Whistle-blower web repository Wikileaks has published what appears to be the Australian Communications and Media Authority's blacklist of banned websites.
Many of the sites clearly contain only run-of-the-mill adult material, poker tips or nothing controversial at all.
EFA vice-chair Colin Jacobs
The anonymous posters have justified the release of the list as a protest against ACMA's threat to fine people $11,000 a day for linking to sites that have been included on its secret list.
Last week The Australian had reported that ACMA had issued an "interim link-deletion notice" to online telecommunications industry forum Whirlpool's host, Bulletproof Networks, after a member of the forum had posted a link which was on its blacklist. The notice gave Bulletproof Networks 24 hours to respond with a threat that non-compliance would result in hefty fines.

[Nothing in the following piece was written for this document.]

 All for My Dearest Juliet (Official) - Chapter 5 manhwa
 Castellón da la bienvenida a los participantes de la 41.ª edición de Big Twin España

"While Wikileaks is used to exposing secret government censorship in developing countries, we now find Australia acting like a democratic backwater," the group states on the ACMA blacklist page that was posted on Wikileaks.
"This week saw Australia joining China and the United Arab Emirates as the only countries censoring Wikileaks. We were not notified by ACMA," the group wrote, referring to a claimed decision by the Federal Government to ban access to Wikileaks.
The list that has been posted contains 2,395 web pages derived from ACMA's list of banned URLs, which are used by government-endorsed filter makers, which are installed on a voluntary basis by parents.
The list, however, has also been planned as a key element of the government's mandatory ISP-filtering scheme, which would see all ISPs blocking attempts to access pages on the list if current trials are deemed successful.
While some arguments for the mandatory filtering scheme have been based on the premise that child sex offenders should be stopped from accessing child porn from within Australia, the group which posted the list on Wikileaks has argued such blacklists are "dangerous to 'above ground' activities such as political discourse, [but] they have little effect on the production of child pornography". They have also provided a link to an alleged insider's account on the subject of censorship and the crime.
Internet freedom group Electronic Frontiers Australia immediately hailed the leak as "a wake-up call for Australians concerned about secret censorship".
"The leaking of the list has confirmed some of our worst fears," said EFA vice-chair Colin Jacobs. "This was bound to happen, especially as mandatory filtering would require the list to be distributed to ISPs all around the country. The government is now in the unenviable business of compiling and distributing a list which includes salacious and illegal material and publicising those very sites to the world."
EFA said the list contained surprising additions such as YouTube videos, a MySpace profile, online poker parlours and a site containing poison information, as well as harmless sites such as that of a tour operator.
"Now that we have seen the list, it is clearly not the perfect weapon against child abuse it has been made out to be," said Jacobs. "Many of the sites clearly contain only run-of-the-mill adult material, poker tips or nothing controversial at all. Even if some of these sites may have been defaced at the time they were added to the list, how would the operators get their sites removed if the list is secret and no appeal is possible?"